И в спину мне ударила боевая схема Третьей магии. «Небесный огонь».
Убивать меня не собирались — это я понял сразу. Времени на раздумья, впрочем, не оставляли тоже. Я едва успел выбросить наперерез «огню» «облачный щит» и махнуть через забор в ближайший сад. Позади полыхнуло и громыхнуло. Несусветная глупость была, конечно, останавливать «небесный огонь» «щитом», его следовало дополнять «землей». Меня извиняло то, что я все-таки не боевой маг.
Кудрявая девочка-подросток, только что смотревшая на меня расширенными от ужаса глазами, вдруг молча, как бешеный волчонок, взвилась в воздух. С узорного балкончика на меня рухнул «глас Бездны», судя по его радиусу, девочку накрывало тоже; мне следовало подставить ее вместо себя и перекатиться к стене, но душевных сил на такое я не имел. Чувствуя себя дураком, я поймал маленькую тень, перехватил один убийственный удар ногой в печень, другой — по колену, вывернул ей руку и прижал к земле, закрывая собой. На отражение «гласа» осталась доля секунды, и получилась у меня только жалкая, школьная «горная тишина».
Сил, впрочем, я вложил в «тишину» преизрядно, и в результате даже ухитрился не оглохнуть — только перед глазами поплыло. Обещая собственноручно удавить того, кто придумал использовать детей, я поймал между ладоней длинный нож, брошенный в меня парнишкой, и отправил в фальшивую «мать», которая как раз дочерчивала пламенеющую схему «белого пика».

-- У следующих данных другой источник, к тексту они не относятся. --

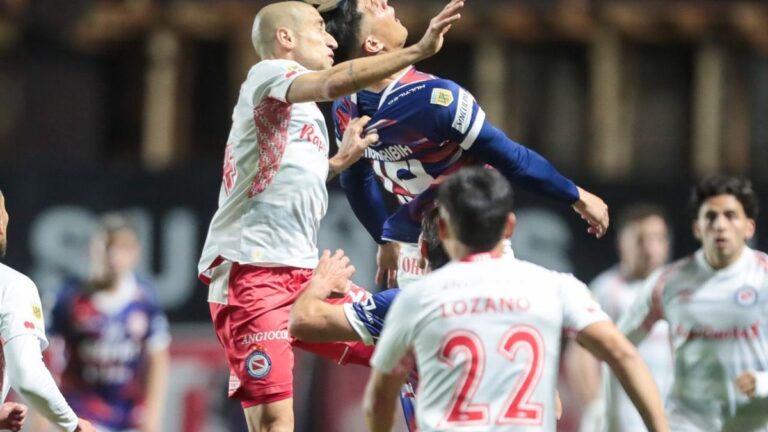 Argentinos Juniors venció a Unión y sumó su primer triunfo en el Torneo Clausura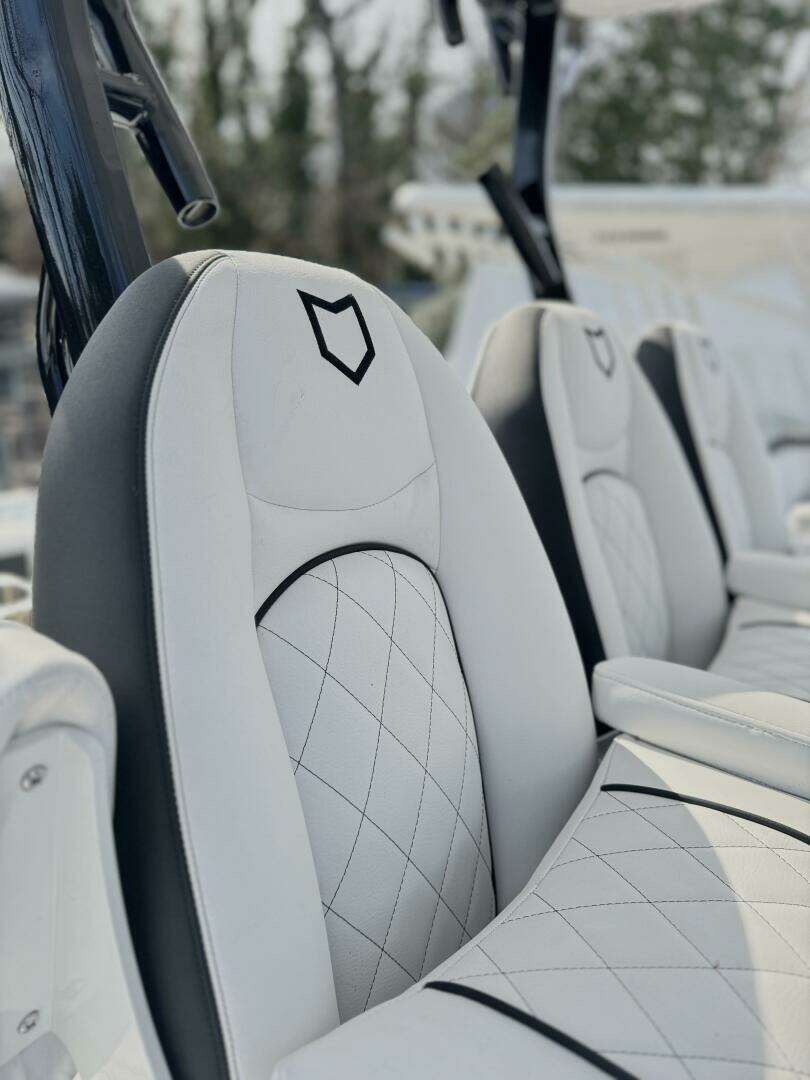 2025 Sea Fox 328 Commander - Image 12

Они не давали мне времени собраться, бесовы отродья. Если б я располагал хоть минутой, я придумал бы что-нибудь из арсенала Четвертой магии и послушал, как бы они запели. Но они знали, что мне нельзя давать времени на Четвертую.
А я знал, от кого они это знали.
Чудесно, просто чудесно.
Плюнув на достоинство, я вычертил «безумный свет» и снял с лица «равноденствие». Это должно было произвести некоторое впечатление. Бросил наугад и откатился на влажную землю под розовыми кустами. Сверху посыпалась роса и лепестки. Будь оно все неладно! Я думал, что написал слишком много знаков, а теперь меня брала злость оттого, что я не предусмотрел что-нибудь вроде «трех острий» или «акульего плавника». Так, «млечный лебедь» разбирается на три части, из них одна боевая и две вспомогательные…
«Равноденствие» сработало.
Шандарахнуло знатно.
Я выдохнул.
Всадил кулак в подреберье кудрявой упрямицы, успокаивая вздыбившуюся совесть тем, что девчушка — из шестого сословия и ей не привыкать.
Снял «мощь», дописал «небесный огонь» и, во внезапном озарении, добавил две начальные схемы Второй магии — «вдохновение» и «ненависть». Получившийся коктейль мог разом свалить роту солдат, но на сей раз бухнуло убогонько и как-то смущенно. Даже не бухнуло, откровенно говоря, а пукнуло. Я устыдился и удивился, а потом различил сквозь частокол колючих стеблей «профессора медицины» и понял, почему мне пришла на ум именно медицина. Господин-тень специализировался на Второй магии.